Mayor Greg Nickels is getting nervous, owing to his low popularity/approval ratings in the polls and the lingering anger over the snowstorm. Meanwhile, green developer Greg Smith is maybe only a week away from deciding whether to challenge Nickels, his erstwhile buddy, in the 2009 race. Smith shows signs of deciding to run: working in vacation trips, studying how he could be Mayor while his company, Urban Visions, continues to own and develop a lot of downtown property.

A telephone poll now under way, presumably for Mayor Nickels, gives an indication of the present anxious state. It asks for views about the Viaduct tunnel plan, the grocery bag tax, and Nickels. In the matchups, Nickels is paired against Peter Steinbrueck, Mark Sidran, Nick Licata, and Ron Reagan Jr. Sidran, who lost narrowly to Nickels in 2001, is thought to be a strong candidate but an unlikely one (King County Executive would be a better electoral match). Reagan, the radio commentator and liberal turncoat from the family's Republicanism, is a startling new idea. Odd that Smith's name wasn't on the list, but maybe the poll sponsors worried about the results of a Greg-Greg match.

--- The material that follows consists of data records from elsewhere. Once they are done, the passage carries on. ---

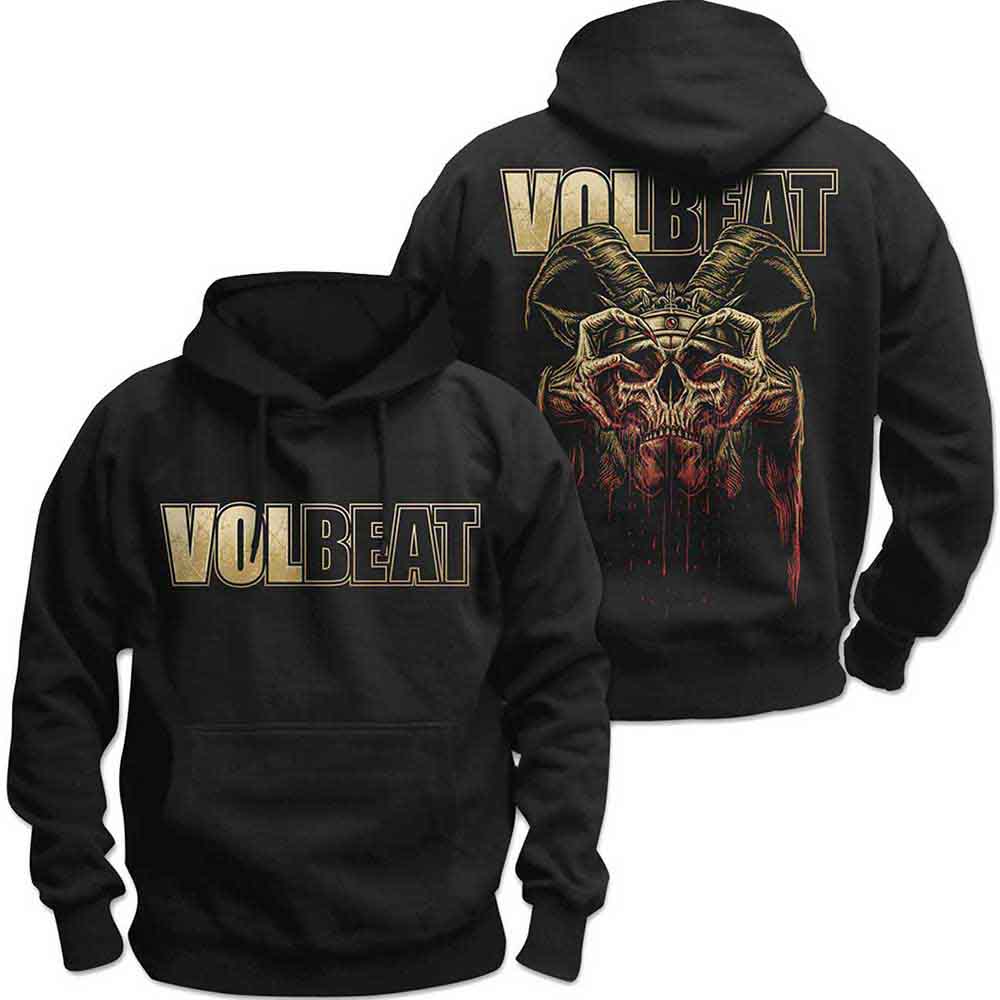 Volbeat Unisex Pullover Hoodie: Bleeding Crown Skull (Black) (Back Print)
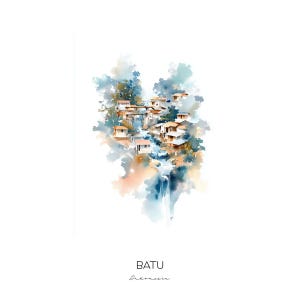 May include: Watercolor painting of a village nestled in a lush green valley with a waterfall cascading down the hillside. The painting is in shades of blue, green, and brown, with a white background. The text "BATU Indonesia" is written below the painting.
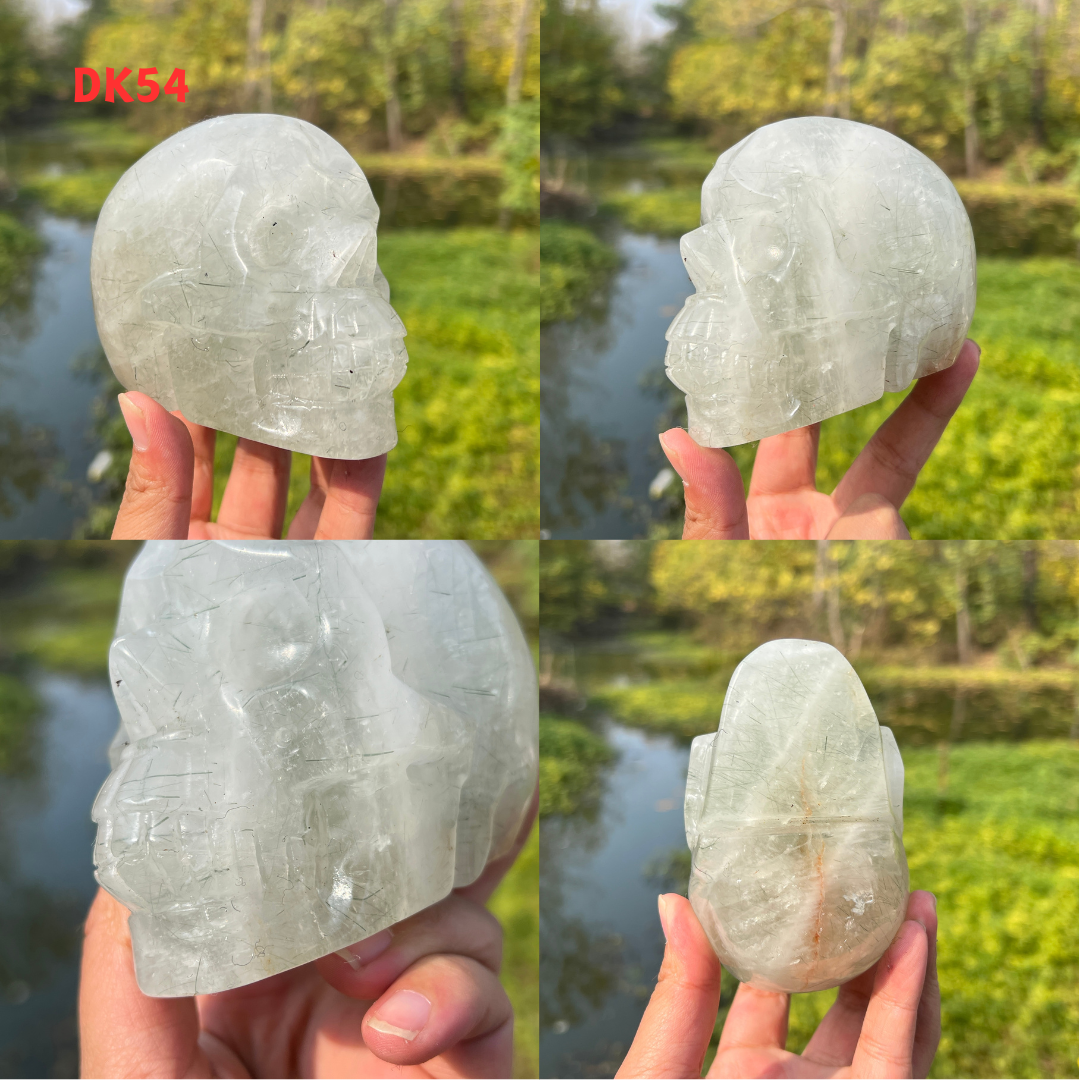 Clear Quartz With Green Actinolite Skull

My guesses at this point: Licata will run, mostly to espouse the populist/neighborhood causes and to see if lightning strikes. Steinbrueck will enjoy basking in all the mention but prefer his quieter nonpolitical life and not run. Tim Burgess, only two years into being a City Councilmember, will get some late-spring pressure to declare but won't do so if there's a real candidate in the race, such as Smith. Other perennials (Jim Diers, Ginny Anderson, Martha Choe) have already been asked and declined. And there will be someone quite unknown and fresh, trying to translate the Obama script to Seattle. (I'm not being coy: I don't have any names in mind.)